# Kicker zr



## Mathewr (Aug 23, 2017)

I know there don't seem to be many fans of Kicker here as far as I have seen but I have a question. I have an old zr240 that loses its right channel when it's cold for some reason and I was hoping someone here has a preference on who they sent their Kicker amps too. I have done a search and found mentions of many repair places but none specifically mentioned Kicker.


----------



## carlthess40 (Aug 21, 2018)

I always did the repairs on my old kicker amps and subs. They are really some what easy to work on. Kicker was one of the top dogs back in my car bass days in the late 80’s and early 90’s 
Sound like your amp has some cold solder joints.
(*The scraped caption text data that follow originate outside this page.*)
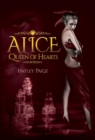 Image for Alice : Queen of Hearts - An Alice in Wonderland Novel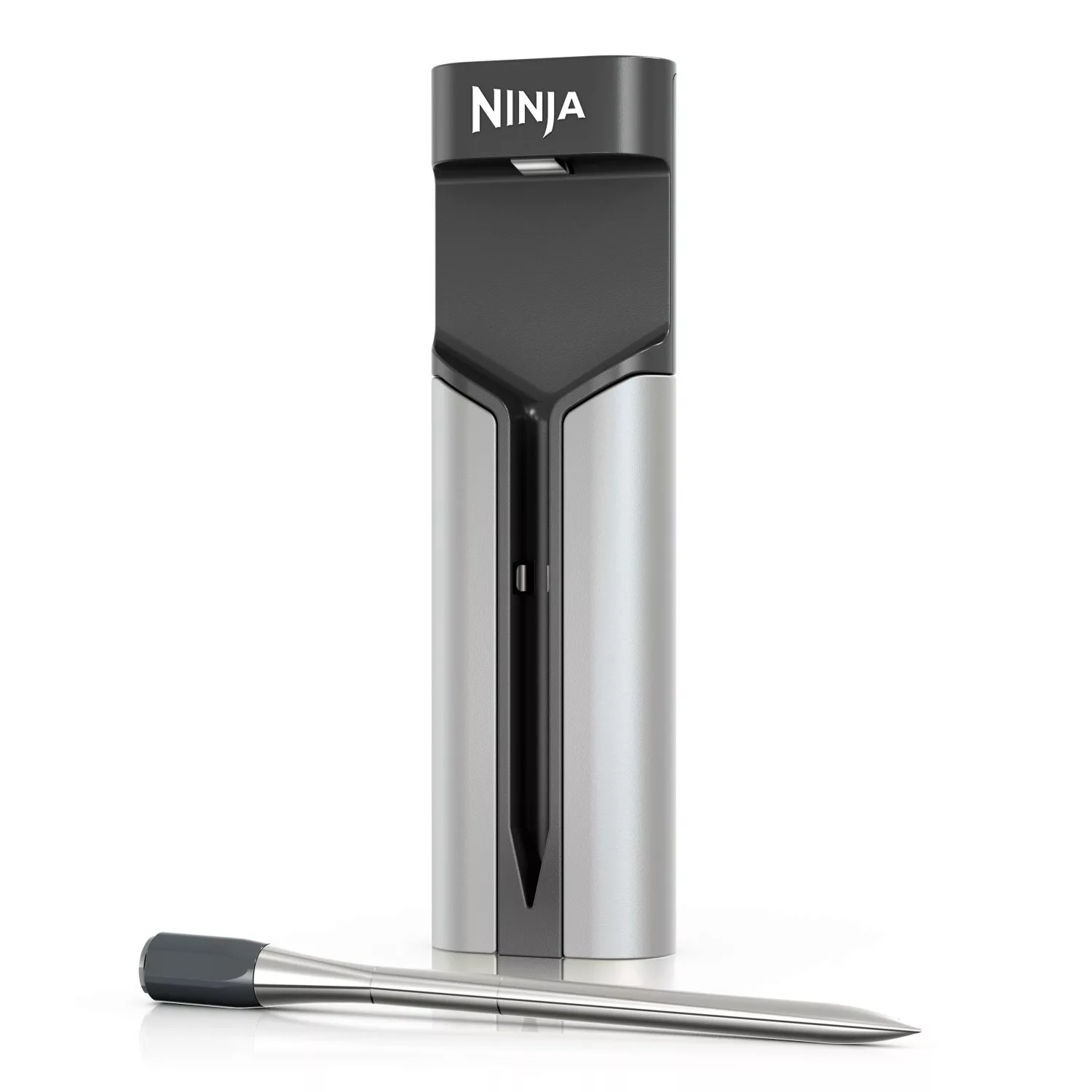 Ninja Thermometer ProChef WP100EU Schwarz-Grau günstig online kaufen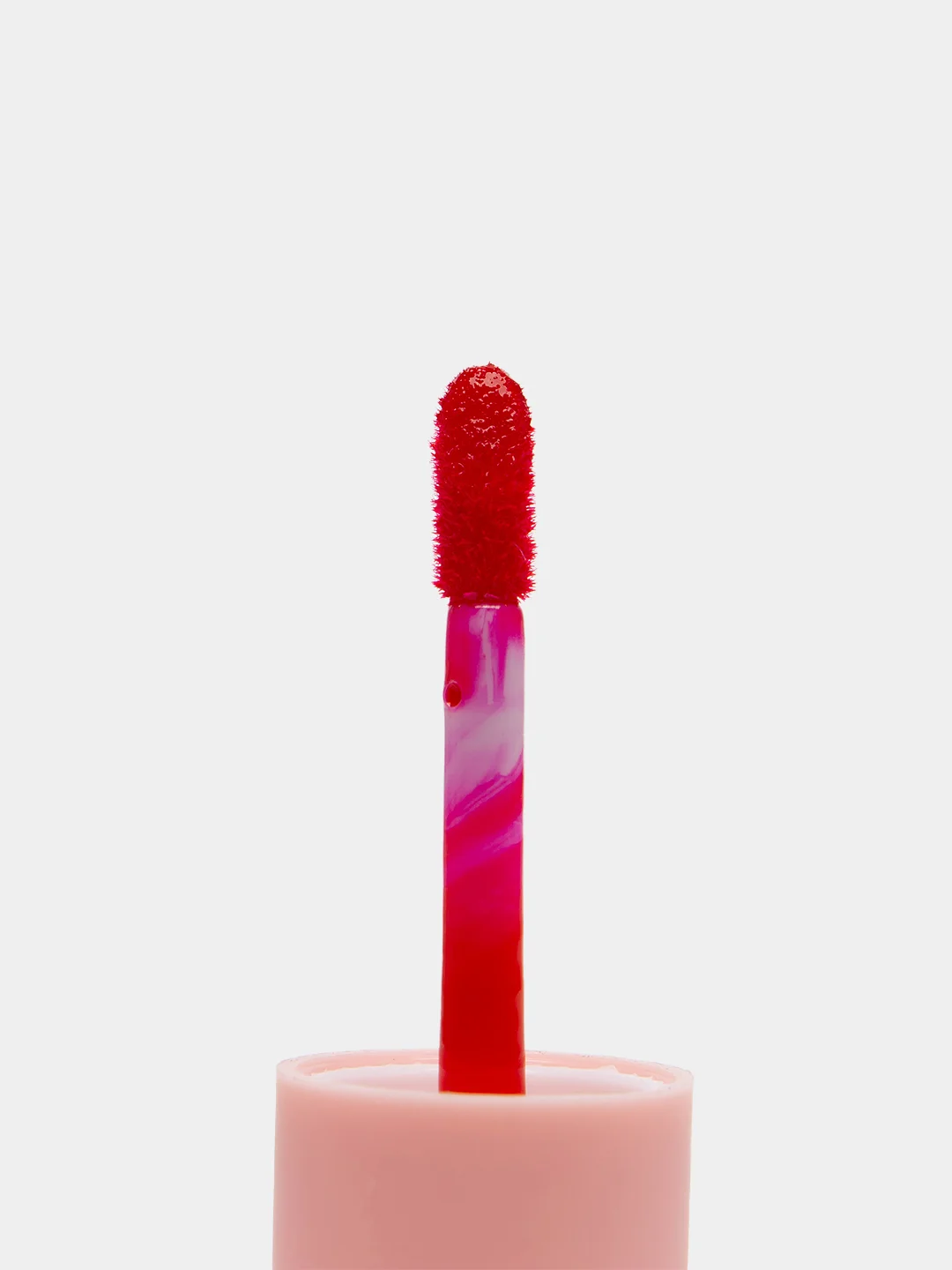 Коралловый тинт для губ / Lip tint увлажняющий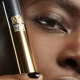YVES SAINT LAURENT Mascara Volume Effect Faux Cils - Intense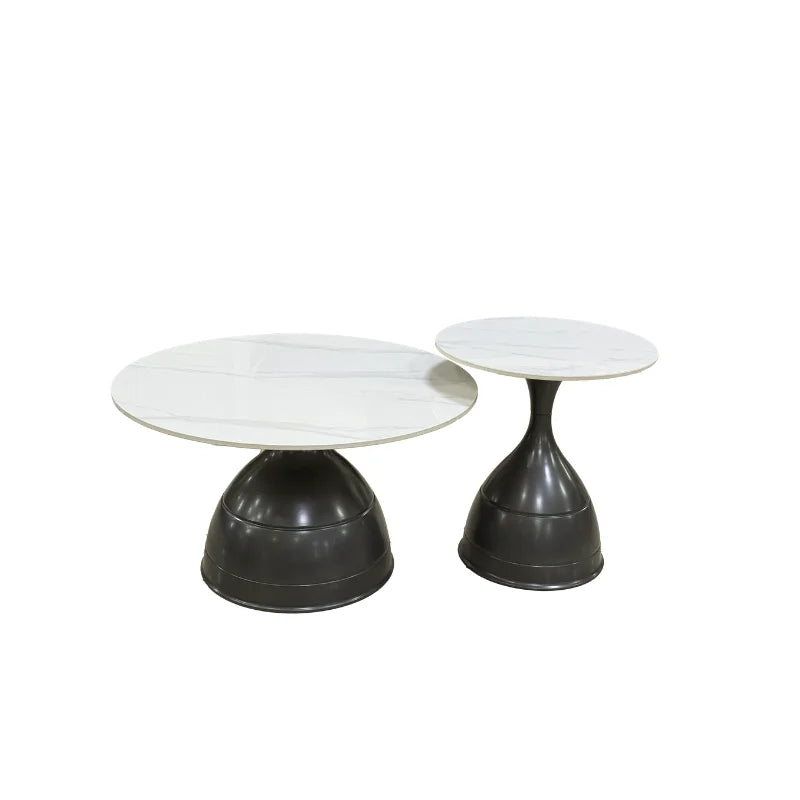 Designer Coffee Table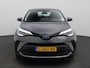 Toyota C-HR / C-HR+ 1.8 Hybrid Active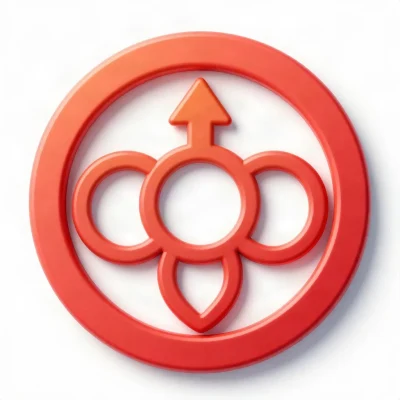 Spiele Treff Berlin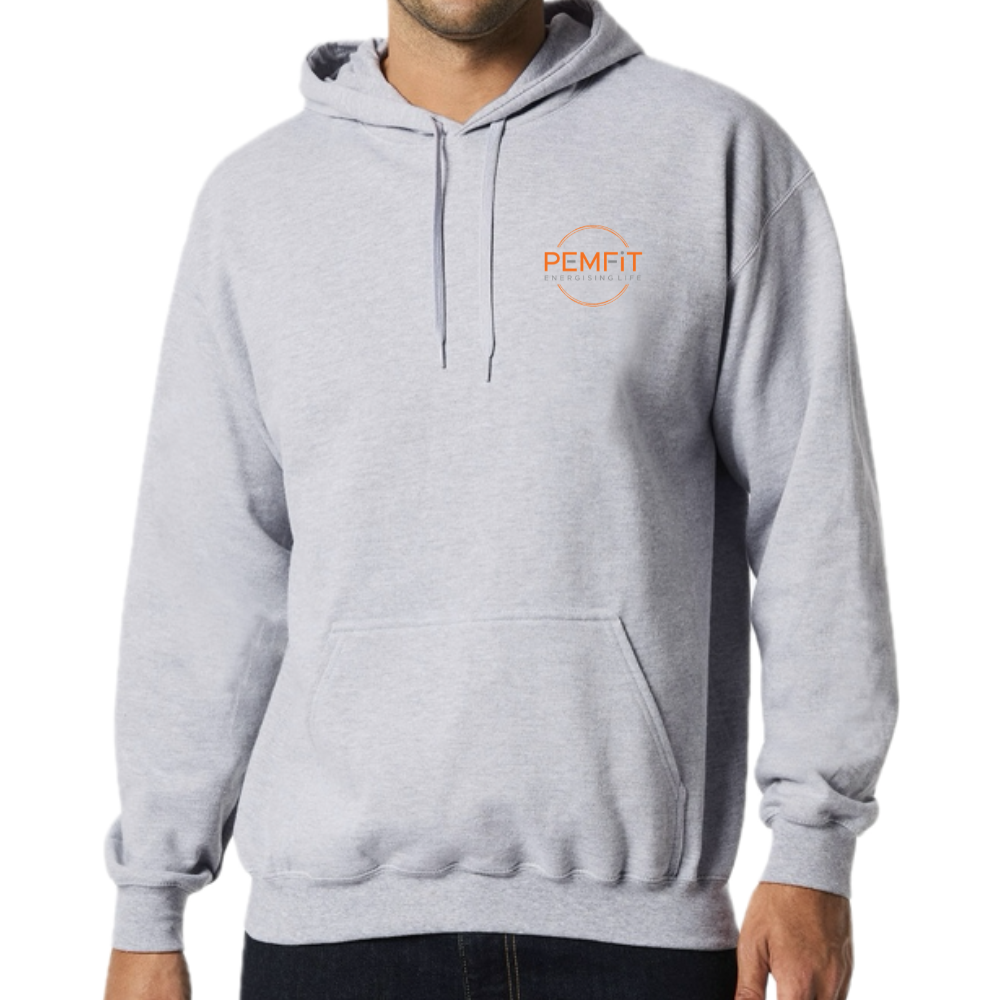 PEMFiT HOODIE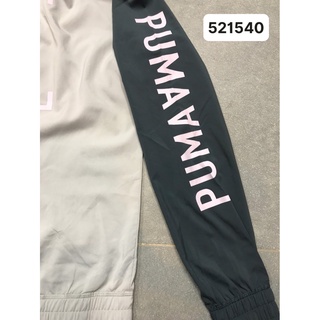 Áo Khoác gió PM 521540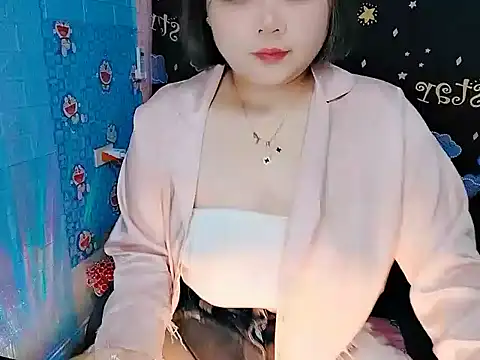 lylu007 (F young) - Autonomous Region ☘️khu tự trị Lylu😍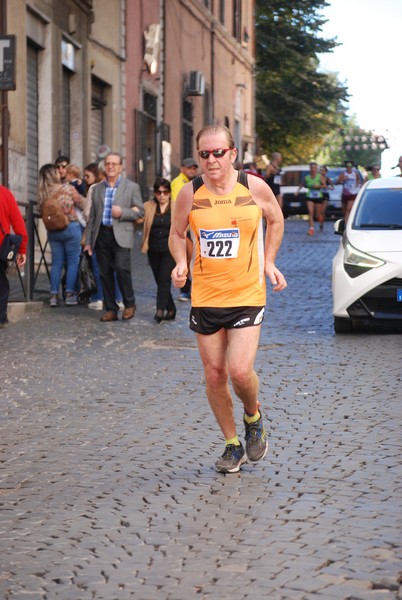Corrincastagna (30/10/2022) 0200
Just go inside of it and go though all the solder joints and see what happens
If you can’t do that send me a message and maybe I can help you with this problem 
Good luck
Carl


Sent from my iPhone using Tapatalk


----------



## rton20s (Feb 14, 2011)

I would contact Kicker directly. I believe they will still do amp repairs on most of their old models. So long as they have the parts available to complete the repair.


----------



## Mathewr (Aug 23, 2017)

Sorry for the delay in response but I don't get updates on my flip phone. Thank you both for the responses and I have a question for Carl. Kind of new to attempting repairs on amps so if I was looking for cold solder joints would there be something obvious to see or would I just kind of hit every solder point?


----------



## Mathewr (Aug 23, 2017)

Calling Kicker is also a good idea and I will try that too. Again thank you both for the ideas and also for not ragging on me for my audio equipment.


----------



## PTFbird67 (Apr 6, 2020)

I know this thread is very old but just wanted to say I had 2 Kicker ZX amplifiers repaired by Kicker in April of this year (2021) and was very pleased. They had a quick turn around and were very reasonable. 

The amps were a ZX1500.1 (cost to repair $125) and a ZX650.4 (cost to repair $95), no extra charge for shipping back to me.


----------